Ryanair has reported a 4% rise in profits in the three months to the end of June as passenger numbers grew and costs fell.
The airline had profits of €256m in its first quarter of 2016 on the back of revenues of almost €1.69bn.
Revenue rose 2% to €1.653bn during the period, while ancillary sales increased to 26% of revenues - from 24% for same period last year.
During the period it carried more than 31.2m passengers, up 11% on the same period of last year, while its unit costs fell by 9%.
Fuel fell by €42m to €518m in Q1 – and when fuel is excluded – fuel unit costs were cut 4% due to factors such as lower cost aircraft, cheaper financing, discounted airport growth deals, and weaker sterling.
This was partly offset by slightly higher staff costs as five-year pay deals kick in across Ryanair’s 84 bases, while headcount rises in line with fleet growth.
The carrier said it is 95% hedged for fuel for this financial year, and nearly 55% hedged for Financial Year 2018.
That allowed the airline to cut average fares by 10% while still increasing its bottom line.
Ryanair has maintained its profit guidance of between €1.375bn and €1.425bn for the full year - though it said that it would not be able to predict what impact Britain's vote to leave the European Union would have on its business until some clarity emerged.

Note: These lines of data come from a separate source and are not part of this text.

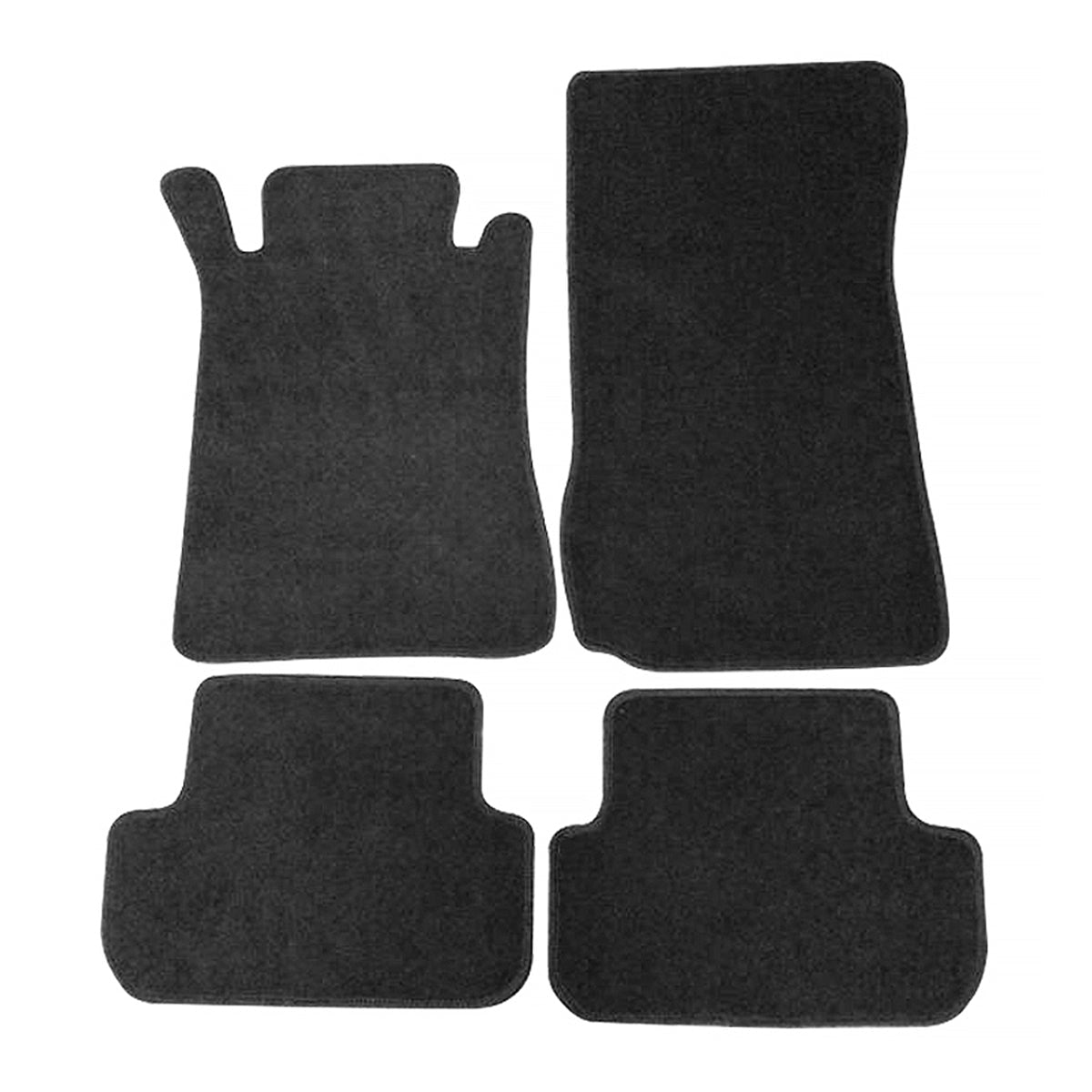 Car Floor Mat for 2003-09 Mercedes-Benz W209 CLK Class Black 4PC Nylon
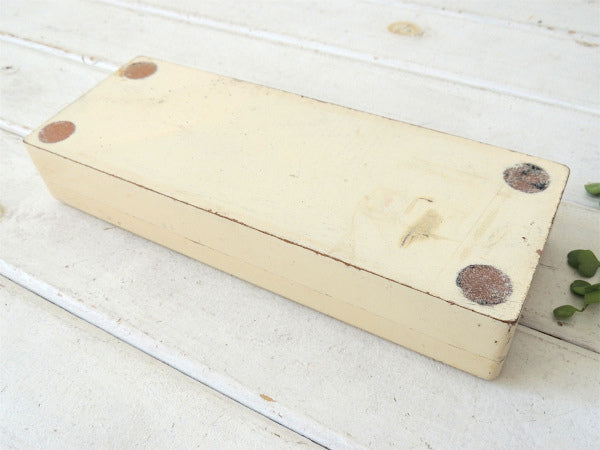 【LGD】アンティーク・ウッドボックス/木箱/銅板/ジュエリーボックス/USA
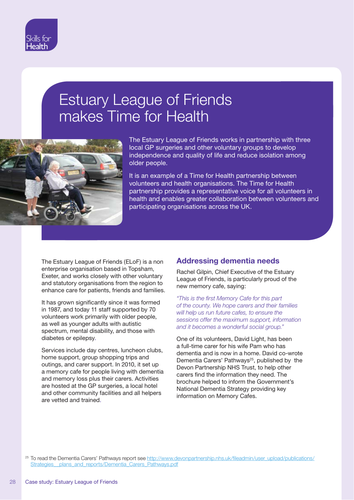 Estuary League of Friends Volunteers Case Study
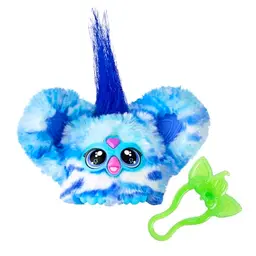 Furby Furblets Ooh-Koo Mini-Freund, über 45 Geräusche und Sätze, elektronisches Spielzeug für Kinder, blau-weiß
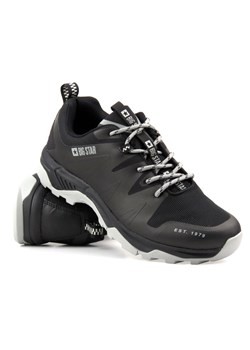 Sneakersy, trekkingi męskie z technologią Memory Foam - BIG STAR KK174087, czarne ze sklepu ulubioneobuwie w kategorii Buty trekkingowe męskie - zdjęcie 145417266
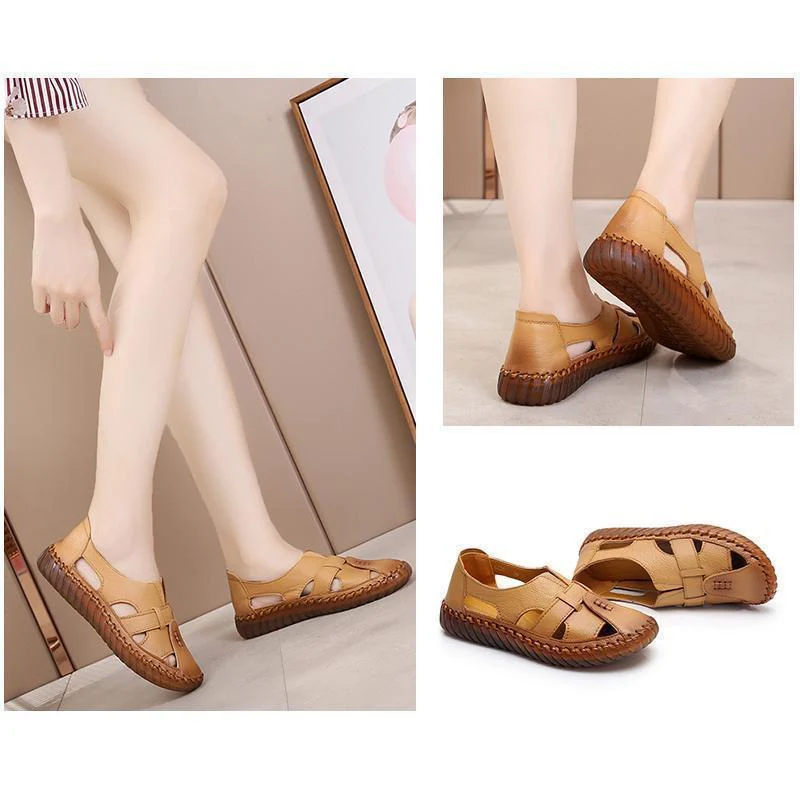 Women's handmade leather sandals with soft bottom - Image 7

The airline's shares have risen more than 5.5% in Dublin trade today.
Commenting on the results, Ryanair CEO Michael O’Leary said the “modest 4% increase” in first quarter profit to €256m was in line with previous guidance.
“The absence of Easter in Q1 and on-going market volatility arising from terrorist events, and repeated ATC strikes (particularly in France) weakened fares on close-in bookings and caused almost 1,000 flight cancellations.

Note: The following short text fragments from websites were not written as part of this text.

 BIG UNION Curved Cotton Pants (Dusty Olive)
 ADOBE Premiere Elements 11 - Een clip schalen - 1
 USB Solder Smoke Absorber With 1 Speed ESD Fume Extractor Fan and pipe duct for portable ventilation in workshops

“We remain committed to our load factor active/yield passive strategy which is why Q1 fares fell 10% to under €40.
“Traffic rose 11% and load factor improved 2 points to 94% as our Always Getting Better (“AGB”) customer experience programme continues to win new customers and new markets.
“Cost control remains core which is why unit costs reduced 9% (ex-fuel down 4%),” Mr O’Leary added.